The data were analyzed as monthly mean success in each period: before (12 months), during (four months), and after (12 months) training. The stationarity of each period was determined, where t0 represents the point at which the training began and t1 is the point at which the training ends and the success rate stabilizes. This was modeled using a traditional likelihood method. Three variables are of interest in the model: the rate of change in the before period, the rate of change during the training, and the rate of change in the after period. The modelling equation was: P(S) = {B1t t < t0, B2t t0<=t < t1, B3t t>=t1}. The model was fit using Maximum Likelihood methods, and the variables were tested using the Wald test. B1 and B3 were tested for significance, i.e., if the success rate was stable before and after training. The subsequent step was to test if the training was effective, which was dependent on the results of the first two tests. The difference in intubation success and number of attempts between the before and after periods was tested with an independent samples t-test for data found to be normally distributed and a Mann-Whitney U test for skewed data.

Sample size

The before period success rate was known to be 60%. To detect a 10% improvement with alpha = 0.05 and beta = 0.9, a sample of 476 discrete episodes was required in the before and after periods.

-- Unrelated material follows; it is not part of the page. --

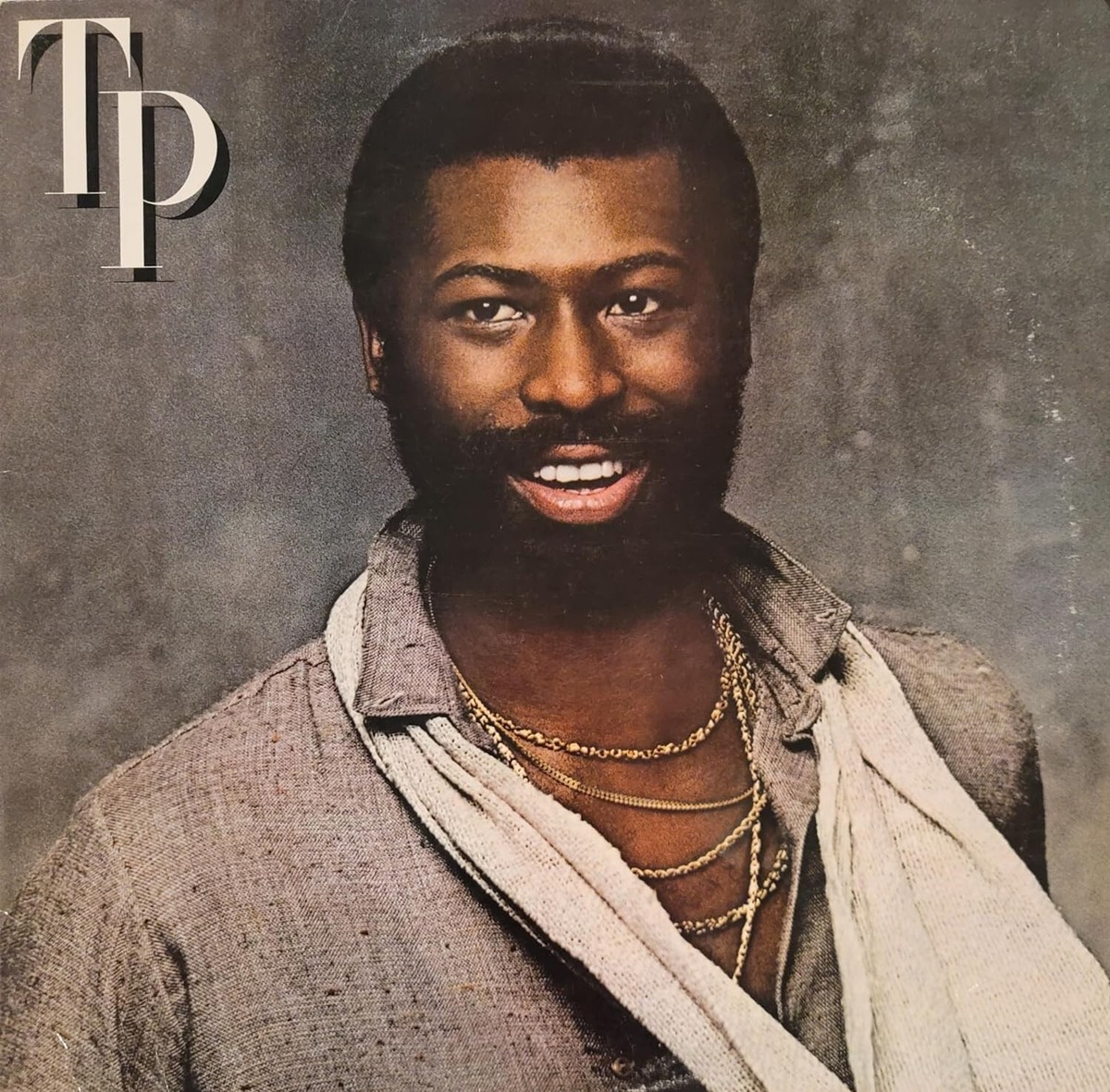 テディ・ペンダーグラス [TP] Teddy Pendergrass TP New CD | eBay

A total of 1421 discrete intubation episodes occurred during the study period: 674 in the before period, 604 in the after period, and 143 during training. Due to missing data from the success field, seven (three before, two during, and two after) episodes were excluded. The two episodes were excluded from the after period due to the inability to determine whether an intubation was medical or trauma, and whether those were with a pulse or a cardiac arrest. The included patients in each time period were similar, see Table 1.

  Before (n = 674) During (n = 143) After (n = 604) Missing data (n = 7)
Age years (SD) 64.10 (18.34) 60.06 (19.45) 62.66 (18.07) 59.80 (15.06)
Female No. (%) 227 (33.68%) 44 (30.56%) 197 (32.72%) <5
First pass intubation success 0.68 (95% CI 0.64-0.71) n/a 0.75 (95% CI 0.72-0.78) n/a

Three regression models were tested, with model two being the best fit, in which the slope or coefficient of the success in the before period and in the after period was not different from zero, or the success was stationary. The coefficient training period is significant and represents an improvement in intubation success during the intervention. Figure 1 demonstrates stable intubation success in the before period, an improvement during the training period, and maintenance of the new stable success for 12 months in the after period.

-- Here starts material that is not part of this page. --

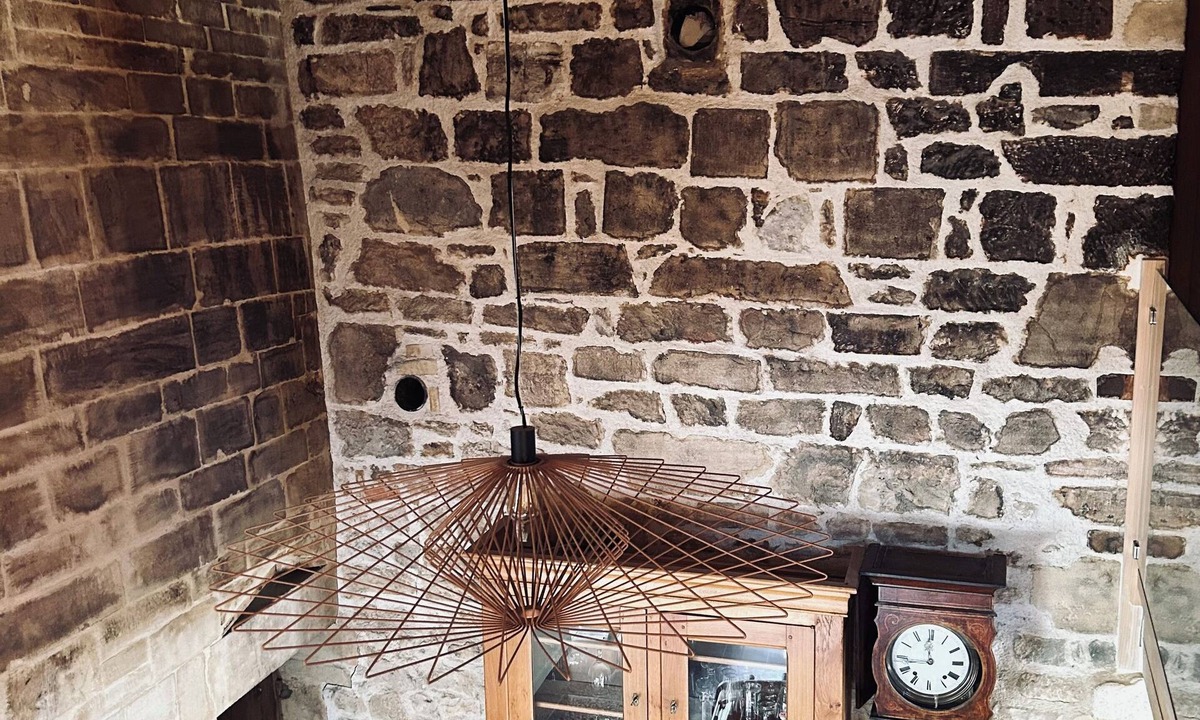 Montlebon Villa | LA FERME COMTOISE DE MONTLEBON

Success was found to be a normally distributed variable. The average success before the intervention was 0.674 (95% CI 0.64-0.71) and after the intervention, it was 0.75 (95% CI 0.72-0.78). The difference between the two is therefore 0.076 (95% CI 0.03-0.12); a significant improvement (p = 0.001).

The number of intubation attempts per patient was found to be left-skewed. The rates were found to be stable in each of the before and after periods. A significant decrease in attempts per patient is noted, from 1.40 to 1.27 (p = 0.005), as shown in Figure 2.

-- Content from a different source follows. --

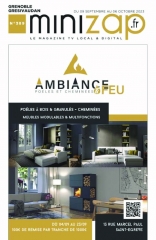 Magazine N°389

The regression model was repeated for both medical cardiac arrest and medical with a pulse. The numbers in both trauma subgroups are too small for analysis, as can be seen in Table 2. For the medical cardiac arrest subgroup, the success rate before (0.789; 95% CI 0.738-0.840) was not significantly different from the success after (0.843; 95% CI 0.794-0.891) with the difference (0.054; 95% CI -0.010-0.120; p = 0.110). However, the number of attempts per patient decreased post-intervention (p = 0.003).

Final categorization Before During After
Medical cardiac arrest 497 104 440
Medical with pulse 146 28 119
Trauma cardiac arrest 10 5 15
Trauma with pulse 21 6 30

In the medical with pulse category, the success rates were significantly different between before and after intervention: Before: 0.609 (0.505, 0.713); After: 0.766 (0.676, 0.855); Difference: 0.155 (0.027, 0.386); p = 0.020. However, attempt rates did not see significant improvement. It is the opposite of the medical cardiac arrest category, where success rates did not significantly differ and attempt rates significantly decreased in the group.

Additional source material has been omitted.